1787 composition by W. A. Mozart

Wolfgang Amadeus Mozart's Horn Concerto No. 3 in E♭ major, K. 447, was completed between 1784 and 1787 in Vienna.

== Background ==
The composition was written as a friendly gesture for the hornist Joseph Leutgeb (his name is mentioned a few times in the score), and Mozart probably did not consider it as particularly important, since he failed to enter it to the autograph catalogue of his works. The autograph score remains well preserved; it is stored in the British Library in London. The Romance is given an individual header in the autograph, suggesting that it was the first movement to be composed and Mozart later expanded the work into a full concerto by adding the outer movements. This theory is supported by the fact that the foliation numbers on the autograph restart at the slow movement.
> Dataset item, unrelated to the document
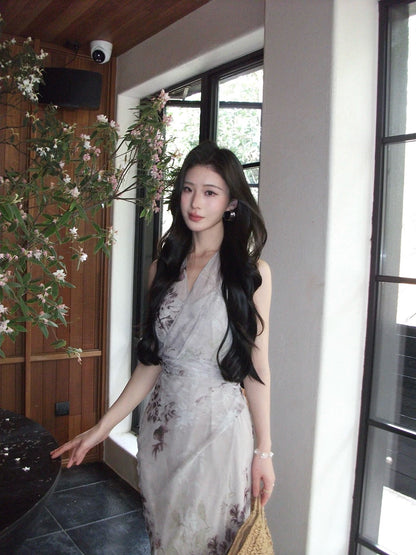 ICELOLLY Beach Vacation Outfit: Sleeveless Fitted Waist Floral Dress for Women, Especially Beautiful for Spring and Summer, Pinch Waist Skirt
Michael Haydn's Romance for horn quintet in A♭ major (MH 806) is very similar to the Romance from Mozart's Horn Concerto No. 3. Karsten Nottelmann has speculated that Leutgeb had other composers revise and make corrections to his own works, and that this explains the two versions of the Romance as well as the two versions of the Rondo of Mozart's Horn Concerto No. 1 (one a draft by Mozart, the other a complete version by Franz Xaver Süssmayr): they would be different composers' edits to a Leutgeb original.

== Instrumentation ==
In addition to the solo horn (in E♭), the concerto is scored for 2 clarinets in B♭ (unlike the oboes used in the other horn concertos), 2 bassoons, and strings.

== Form ==
The work is in three movements:

This concerto "has clarinets besides bassoons and string for accompaniment. They bring warmth and light colouring to this most attractive work, and in spite of unadventurous support they partner the bassoons in many typical phrases."

The main melody of the third movement is reminiscent of the theme from the rondo of Mozart's Piano Concerto No. 22 written in 1785.

==Discography==
Given its duration (about 15 minutes), the Concerto is typically grouped with Mozart's other three for the instrument, in boxed sets of Mozart's concerti for wind instruments or even all his concerti.

One example is Dennis Brain's November 1953 recording of the four horn concertos on EMI with the Philharmonia Orchestra conducted by Herbert von Karajan.

The Naxos Records CD Complete Works for Horn & Orchestra includes, besides the concerti, three rondos for horn and orchestra completed by musicologists.

William Purvis has recorded No. 3 along with No. 2, K. 417, with the Orpheus Chamber Orchestra for Deutsche Grammophon, on a disc which also includes Mozart's Oboe Concerto, K. 314, and Bassoon Concerto, K. 191. Like the other two soloists, Purvis improvised his own cadenza for the two horn concerti on the disc.

Fred Rizner has recorded this concerto together with K. 495 with the English Chamber Orchestra conducted by José Luis García Asensio on a Summit disc which also includes the Clarinet Concerto, K. 622 (with clarinetist Joaquin Valdepeñas).

2018: Javier Bonet (horn); Munich Radio Orchestra, Hermann Baumann (conductor), ARSIS. A recording with all the Mozart horn concertos including the Rondo K. 371 and the Horn Quintet, K. 407.